The script of any murder-mystery ought to be taut and gripping only to retain audience-attention. However the duration of 115 minutes with a 10-minute interval may weigh down heavily on the nerves, especially in the second half.

Though Ek Anokhi Gudiya opened with three mysterious characters descending on the stage with arms flashing in their hands, a high-octane thumping music blaring in the background to give away hints of an ensuing intrigue in generous doses and the stage looking perfectly set for the conspiracy drama.

The plot pivoted around three conmen Mike, Croker and Harry Roat tricking a blind countrywoman Suzie Henderson into believing that her husband has committed a woman’s murder nearby and that the cops would eventually suspect him of the offensive act and chase him out for arrest.

In reality they are in frantic search of a doll with heroin hidden inside it to make some fast bucks and be wealthy overnight. The musical toy they think was unknowingly peddled by the innocent woman’s photographer-hubby as a favour to a woman (here an Italian actress Lusiana) who wanted to send it as a gift to a little girl lying in her sick-bed.

But the doll reportedly never reached its destination to the child as it meant to be. Plus a lady by the name Lisa was suddenly killed and none knew the reason why.

Roat later on confessed before his ‘partners in crime’ to have executed her for being hostile in his mission and it was she who at his behest had brought the two henchmen together inside the couple’s flat by intimating them through letters.

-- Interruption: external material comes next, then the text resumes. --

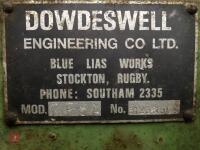 DOWDESWELL DP8A 4 FURROW PLOUGH - 2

Roat as the kingpin of this entire subterfuge had rightly hunched that the doll was kept concealed at the transporter’s place and that his wife was aware of its whereabouts. But little did he know that Suzie’s maid Gloria would steal the doll out of jealousy, realizing that it was not hers and put it away somewhere else.

All three posed as different identities to the woman who they used as a pawn in their game and kept a constant eye on her house from a distant phone-booth by operating the venetian blinds of the window in her living room.

But as man proposes, god disposes. And the truth never lies buried for long. The intuition or the sixth sense of a visually- impaired person is way stronger than any person with normal eyesight.

For instance, Susie wondered why the male visitors one by one regulated the window blinds in the pretext of a dimmed vision despite there being enough light in the room.

The tension was rightly built up, the intensity was deep too but wish the thriller could have been slightly crispier, tighter and shorter to emerge a winner all the way.

The scuffle-scene between Susie and the antagonist Roat was compelling and finely choreographed. It helped evoke a nail-biting climax.